Zusammenfassung
Ich will dem Thema „Karl Mannheims Beitrag zur Analyse moderner Gesellschaften“ möglichst gerecht werden und diskutiere daher im folgenden die Frage, ob die Vorlesung von 1930 methodisch und sachlich einen derartigen Beitrag darstellt. Ich beginne bei Mannheims Gegenwartsaufgaben der Soziologie, um in Erinnerung zu rufen, für welchen soziologischen Unterricht er plädierte. Danach erörterte ich einige Bedingungen, die erfüllt sein müssen, damit ein Lehrprogramm erfolgreich sein kann. Im dritten Teil gehe ich auf die Inhalte der Vorlesung ein, die für eine Gegenwartskunde relevant hätten sein können und will zeigen, daß zwei Elemente von Mannheim unzulänglich behandelt wurden.
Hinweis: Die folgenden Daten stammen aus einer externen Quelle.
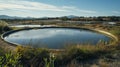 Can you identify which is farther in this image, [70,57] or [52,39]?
[52,39]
Im Anschluß daran nehme ich dann auf die Mannheimsche Vorstellung von Distanzierung Bezug und werde argumentieren, daß eine Kultivierung der „Distanzierung“ für Gegenwartsdiagnosen nicht genügt. Meine These lautet: Zwar war Mannheim ein Fürsprecher einer zeitdiagnostischen Soziologie, sein materialer Beitrag und seine Vorschläge zur Methode der Gegenwartsanalyse sind jedoch unzureichend. Wie kein anderes Phänomen stellt der Aufstieg des Nationalsozialismus einen Lackmus-test für Zeitdiagnosen dar. Wer ihn nicht rechtzeitig angemessen wahrnahm, war dazu verurteilt, unvorbereitet zu seinem Opfer zu werden. Sich mit diesem Phänomen nicht oder unzulänglich auseinandergesetzt zu haben, diskreditierte den Gegenwartsanalytiker als weltfremd. Im Unterschied zu Mannheim sahen andere den Aufstieg der Nazis genauer und früher: beispielsweise diejenigen, die nicht aus der Position des distanzierten Beobachters den sozialen und politischen Wandel erfassen wollten, sondern im politischen Alltagsgetriebe die Nazis als Gegner bekämpften, oder jene wenigen, die schon damals Techniken der systematischen Datensammlung und -auswertung verwendeten. Verallgemeinern läßt sich dieser hier am historischen Beispiel erläuterte Befund vielleicht dahingehend, daß für gelungene Erkenntnis von Neuem durch Zeitgenossen eine Balance zwischen Engagement urd Distanzierung gefunden werden muß, wobei die von Norbert Elias prominent gemachte Begrifflichkeit reformuliert werden muß. Im Anschluß an diesen Befund, komme ich — nicht zuletzt vor dem Hintergrund heutiger Gegenwartsuntüchtigkeit der Soziologie — zum Schluß, daß möglicherweise der Anspruch auf Gegenwartsdiagnostik überzogen ist und zugunsten einer bescheideneren Selbstwahrnehmung der Soziologie verabschiedet werden sollte.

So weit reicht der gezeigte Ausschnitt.